Ok, so the ever-wise Janak pinged me a few minutes after this post went live, and after some discussion we managed to figure it out. Are you ready for this? On my Qtek 8500 Smartphone, if I go into Settings > Connections > Beam
, the box is un-checked by default, meaning it will refuse all incoming beams without even prompting the user
. I've never even looked at that setting on this Smartphone, because it lacks an infrared port, so why would I check Beam settings? You'd think that all relevant Bluetooth settings would be on the Bluetooth settings screen, wouldn't you? Like, say, a setting that would allow/disallow your device from receiving any sort of incoming Bluetooth "beam" (bad term for it to begin with, it muddies the water with IR). But wait, it gets better: even after I enabled my phone to receive incoming "beams", it wouldn't work smoothly. The Qtek 8500 tried to set up a full partnership with the Jasjar, which isn't what I wanted of course. Puzzled, I checked my Bluetooth settings again - and Obex Authentication was turned on (I don't recall turning it on - can anyone with a Qtek 8500 or Cingular 3125 confirm for me what the default state is?). That means my phone would completely refuse all incoming Bluetooth OBEX transfers (contact cards, appointments, etc.) automatically without prompting the user.

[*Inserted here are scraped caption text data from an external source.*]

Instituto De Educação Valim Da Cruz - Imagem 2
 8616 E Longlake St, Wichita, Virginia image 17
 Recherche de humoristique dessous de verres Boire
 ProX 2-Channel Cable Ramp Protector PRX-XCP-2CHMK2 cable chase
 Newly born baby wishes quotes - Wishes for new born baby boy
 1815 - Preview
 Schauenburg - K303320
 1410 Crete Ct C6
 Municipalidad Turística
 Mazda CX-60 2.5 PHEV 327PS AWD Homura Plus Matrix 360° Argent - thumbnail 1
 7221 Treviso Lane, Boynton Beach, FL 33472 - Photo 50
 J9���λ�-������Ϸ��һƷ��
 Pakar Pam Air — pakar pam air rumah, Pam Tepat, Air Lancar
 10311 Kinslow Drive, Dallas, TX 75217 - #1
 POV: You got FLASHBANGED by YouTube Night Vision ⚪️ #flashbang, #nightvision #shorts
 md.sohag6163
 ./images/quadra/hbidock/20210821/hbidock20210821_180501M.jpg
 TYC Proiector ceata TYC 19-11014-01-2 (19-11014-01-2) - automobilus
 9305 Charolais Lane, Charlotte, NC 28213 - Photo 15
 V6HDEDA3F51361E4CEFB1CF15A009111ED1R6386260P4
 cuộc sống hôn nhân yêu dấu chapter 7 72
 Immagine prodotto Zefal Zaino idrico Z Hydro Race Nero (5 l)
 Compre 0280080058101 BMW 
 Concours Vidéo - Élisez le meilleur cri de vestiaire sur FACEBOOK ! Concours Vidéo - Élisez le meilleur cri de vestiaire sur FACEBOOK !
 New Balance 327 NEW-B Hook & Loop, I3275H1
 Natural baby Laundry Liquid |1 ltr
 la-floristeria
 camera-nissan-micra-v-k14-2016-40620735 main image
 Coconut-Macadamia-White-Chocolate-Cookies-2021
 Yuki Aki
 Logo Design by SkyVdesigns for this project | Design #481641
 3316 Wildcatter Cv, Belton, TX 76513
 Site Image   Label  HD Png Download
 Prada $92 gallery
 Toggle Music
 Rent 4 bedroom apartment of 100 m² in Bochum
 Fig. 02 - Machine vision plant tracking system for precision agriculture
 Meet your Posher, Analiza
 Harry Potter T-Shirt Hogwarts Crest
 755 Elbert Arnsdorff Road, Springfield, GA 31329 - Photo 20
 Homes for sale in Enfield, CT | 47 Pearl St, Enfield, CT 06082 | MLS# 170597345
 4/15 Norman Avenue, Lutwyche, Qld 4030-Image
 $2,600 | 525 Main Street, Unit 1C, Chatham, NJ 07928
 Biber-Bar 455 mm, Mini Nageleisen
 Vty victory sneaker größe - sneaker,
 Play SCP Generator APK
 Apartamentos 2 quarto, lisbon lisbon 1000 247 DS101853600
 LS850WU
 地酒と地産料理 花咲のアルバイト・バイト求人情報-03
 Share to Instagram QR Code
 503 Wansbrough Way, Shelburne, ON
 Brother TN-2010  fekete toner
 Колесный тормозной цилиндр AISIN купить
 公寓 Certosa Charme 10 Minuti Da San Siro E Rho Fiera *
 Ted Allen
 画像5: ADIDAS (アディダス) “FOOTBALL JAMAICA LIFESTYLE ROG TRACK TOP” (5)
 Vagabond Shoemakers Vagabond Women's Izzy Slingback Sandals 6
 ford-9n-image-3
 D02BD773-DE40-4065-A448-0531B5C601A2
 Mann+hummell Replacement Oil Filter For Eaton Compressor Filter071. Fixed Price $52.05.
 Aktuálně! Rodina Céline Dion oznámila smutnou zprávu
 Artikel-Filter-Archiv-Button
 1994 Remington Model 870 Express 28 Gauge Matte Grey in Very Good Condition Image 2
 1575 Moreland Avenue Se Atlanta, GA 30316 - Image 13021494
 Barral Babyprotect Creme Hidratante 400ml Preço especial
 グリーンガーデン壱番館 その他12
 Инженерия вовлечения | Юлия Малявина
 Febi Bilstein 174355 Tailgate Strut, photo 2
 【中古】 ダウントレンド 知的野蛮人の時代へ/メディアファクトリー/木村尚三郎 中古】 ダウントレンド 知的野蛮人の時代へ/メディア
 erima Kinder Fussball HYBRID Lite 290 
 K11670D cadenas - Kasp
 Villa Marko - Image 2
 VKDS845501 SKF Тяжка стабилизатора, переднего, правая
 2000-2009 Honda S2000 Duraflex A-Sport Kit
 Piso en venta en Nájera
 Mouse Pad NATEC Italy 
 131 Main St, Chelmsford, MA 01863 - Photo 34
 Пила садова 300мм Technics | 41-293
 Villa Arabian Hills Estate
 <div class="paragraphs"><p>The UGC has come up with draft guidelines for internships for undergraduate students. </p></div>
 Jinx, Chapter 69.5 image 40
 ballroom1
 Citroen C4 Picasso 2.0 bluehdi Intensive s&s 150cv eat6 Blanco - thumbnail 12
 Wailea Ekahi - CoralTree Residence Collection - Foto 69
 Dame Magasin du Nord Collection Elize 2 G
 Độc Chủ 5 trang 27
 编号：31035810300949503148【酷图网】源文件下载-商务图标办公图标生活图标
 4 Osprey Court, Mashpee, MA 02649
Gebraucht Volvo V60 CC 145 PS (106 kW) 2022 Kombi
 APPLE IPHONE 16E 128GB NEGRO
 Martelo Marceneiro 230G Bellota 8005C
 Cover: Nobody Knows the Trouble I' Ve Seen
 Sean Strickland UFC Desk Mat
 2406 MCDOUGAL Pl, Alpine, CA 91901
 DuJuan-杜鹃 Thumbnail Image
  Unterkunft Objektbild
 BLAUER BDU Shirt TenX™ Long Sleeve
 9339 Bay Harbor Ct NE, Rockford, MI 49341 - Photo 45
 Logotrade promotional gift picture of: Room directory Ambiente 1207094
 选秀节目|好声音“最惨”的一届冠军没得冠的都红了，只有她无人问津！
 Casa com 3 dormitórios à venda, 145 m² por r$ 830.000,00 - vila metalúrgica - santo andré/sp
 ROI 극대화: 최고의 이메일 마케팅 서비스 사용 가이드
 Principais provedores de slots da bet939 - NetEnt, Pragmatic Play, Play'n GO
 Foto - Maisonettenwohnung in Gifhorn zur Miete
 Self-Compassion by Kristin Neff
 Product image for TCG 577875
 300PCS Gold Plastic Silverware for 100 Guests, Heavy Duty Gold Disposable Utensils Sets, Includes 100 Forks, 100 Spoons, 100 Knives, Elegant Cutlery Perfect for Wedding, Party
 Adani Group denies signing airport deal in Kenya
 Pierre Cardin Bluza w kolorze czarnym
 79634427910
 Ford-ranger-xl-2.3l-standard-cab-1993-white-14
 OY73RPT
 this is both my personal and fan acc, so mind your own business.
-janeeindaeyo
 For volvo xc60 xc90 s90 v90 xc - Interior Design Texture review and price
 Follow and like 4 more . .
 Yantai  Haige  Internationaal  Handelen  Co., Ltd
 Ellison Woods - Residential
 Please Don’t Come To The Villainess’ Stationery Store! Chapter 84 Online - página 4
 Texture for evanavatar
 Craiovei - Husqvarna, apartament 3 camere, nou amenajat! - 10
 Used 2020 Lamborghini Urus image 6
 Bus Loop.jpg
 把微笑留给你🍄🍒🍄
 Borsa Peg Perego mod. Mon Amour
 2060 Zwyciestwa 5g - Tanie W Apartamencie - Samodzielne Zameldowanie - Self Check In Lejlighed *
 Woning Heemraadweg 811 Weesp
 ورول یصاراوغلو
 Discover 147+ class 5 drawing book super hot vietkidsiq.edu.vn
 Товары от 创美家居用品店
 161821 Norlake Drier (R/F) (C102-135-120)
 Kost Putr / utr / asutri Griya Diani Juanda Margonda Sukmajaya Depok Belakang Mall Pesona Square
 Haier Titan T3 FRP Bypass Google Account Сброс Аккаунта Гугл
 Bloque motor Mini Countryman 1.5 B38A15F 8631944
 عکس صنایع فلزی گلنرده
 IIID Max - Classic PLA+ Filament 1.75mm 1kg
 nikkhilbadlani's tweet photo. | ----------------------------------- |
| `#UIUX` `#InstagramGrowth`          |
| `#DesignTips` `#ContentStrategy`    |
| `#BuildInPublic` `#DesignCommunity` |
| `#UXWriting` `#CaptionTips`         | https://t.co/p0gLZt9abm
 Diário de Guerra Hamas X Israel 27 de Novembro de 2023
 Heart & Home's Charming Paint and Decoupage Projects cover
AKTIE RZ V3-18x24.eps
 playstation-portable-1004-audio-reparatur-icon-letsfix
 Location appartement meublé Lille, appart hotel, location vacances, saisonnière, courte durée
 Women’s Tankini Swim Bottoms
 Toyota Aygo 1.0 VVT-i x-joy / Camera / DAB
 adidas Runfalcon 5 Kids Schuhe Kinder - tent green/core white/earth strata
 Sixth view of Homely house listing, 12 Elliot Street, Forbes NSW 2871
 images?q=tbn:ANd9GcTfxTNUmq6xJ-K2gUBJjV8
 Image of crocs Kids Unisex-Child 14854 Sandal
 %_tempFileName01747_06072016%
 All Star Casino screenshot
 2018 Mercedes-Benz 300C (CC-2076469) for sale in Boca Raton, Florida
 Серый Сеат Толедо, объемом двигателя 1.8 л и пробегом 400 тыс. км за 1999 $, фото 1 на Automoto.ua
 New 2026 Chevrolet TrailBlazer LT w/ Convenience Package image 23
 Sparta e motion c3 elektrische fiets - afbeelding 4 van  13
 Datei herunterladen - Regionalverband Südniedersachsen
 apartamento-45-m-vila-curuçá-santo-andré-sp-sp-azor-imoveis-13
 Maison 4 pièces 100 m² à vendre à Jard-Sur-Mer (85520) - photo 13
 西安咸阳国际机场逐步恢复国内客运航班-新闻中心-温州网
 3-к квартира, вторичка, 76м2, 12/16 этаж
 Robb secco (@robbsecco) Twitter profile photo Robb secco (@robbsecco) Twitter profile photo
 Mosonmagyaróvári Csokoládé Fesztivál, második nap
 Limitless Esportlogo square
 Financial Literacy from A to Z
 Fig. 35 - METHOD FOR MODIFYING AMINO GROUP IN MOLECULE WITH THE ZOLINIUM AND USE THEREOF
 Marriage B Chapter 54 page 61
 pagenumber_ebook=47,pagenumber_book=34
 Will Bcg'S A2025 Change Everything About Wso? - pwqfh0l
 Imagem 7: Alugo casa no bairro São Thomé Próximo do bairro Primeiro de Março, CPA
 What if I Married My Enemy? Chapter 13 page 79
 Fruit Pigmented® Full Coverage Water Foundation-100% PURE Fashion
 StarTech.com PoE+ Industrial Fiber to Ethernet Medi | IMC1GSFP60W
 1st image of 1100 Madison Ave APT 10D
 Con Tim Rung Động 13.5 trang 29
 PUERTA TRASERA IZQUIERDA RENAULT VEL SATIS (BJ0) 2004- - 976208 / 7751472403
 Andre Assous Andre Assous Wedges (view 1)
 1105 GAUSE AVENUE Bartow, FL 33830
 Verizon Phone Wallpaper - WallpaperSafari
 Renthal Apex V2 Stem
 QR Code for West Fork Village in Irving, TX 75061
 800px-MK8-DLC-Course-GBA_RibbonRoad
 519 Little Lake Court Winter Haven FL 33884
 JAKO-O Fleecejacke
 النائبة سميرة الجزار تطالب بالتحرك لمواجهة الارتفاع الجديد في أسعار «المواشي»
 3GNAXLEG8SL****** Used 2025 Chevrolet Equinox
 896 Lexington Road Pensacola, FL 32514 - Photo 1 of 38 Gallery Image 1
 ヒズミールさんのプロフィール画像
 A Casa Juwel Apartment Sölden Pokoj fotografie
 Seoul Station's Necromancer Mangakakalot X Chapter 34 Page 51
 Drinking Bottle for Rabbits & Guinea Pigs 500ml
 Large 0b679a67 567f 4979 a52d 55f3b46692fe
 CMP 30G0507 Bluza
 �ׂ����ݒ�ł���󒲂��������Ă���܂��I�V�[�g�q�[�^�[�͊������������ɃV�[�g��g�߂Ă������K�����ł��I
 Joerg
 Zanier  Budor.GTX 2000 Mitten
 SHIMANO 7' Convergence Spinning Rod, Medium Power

So let's recap, there's one, possibly two settings configured, by default, to completely ignore incoming Bluetooth OBEX transfers without prompting the user at all
. Did anyone actually use
the Qtek 8500 before they shipped it? I can't say this for sure, but I'm willing to bet this is the Windows Mobile default configuration, locked down for maximum security and minimal thought for end-user scenarios, and the Windows Mobile team was expecting the OEM to change it. Just like they expect the OEMs to change the registry setting for the Internet Explorer Mobile cache size. And the caller ID photo size. And everything else that the OEMs completely ignore when they rush a device out the door. I wish I could say this surprises me, but it doesn't: Microsoft continually uses poorly thought-out default settings, the OEMs don't change them, and the end user suffers. Does anyone care about the actual usability of these products? From where I'm sitting right now, it doesn't seem like it.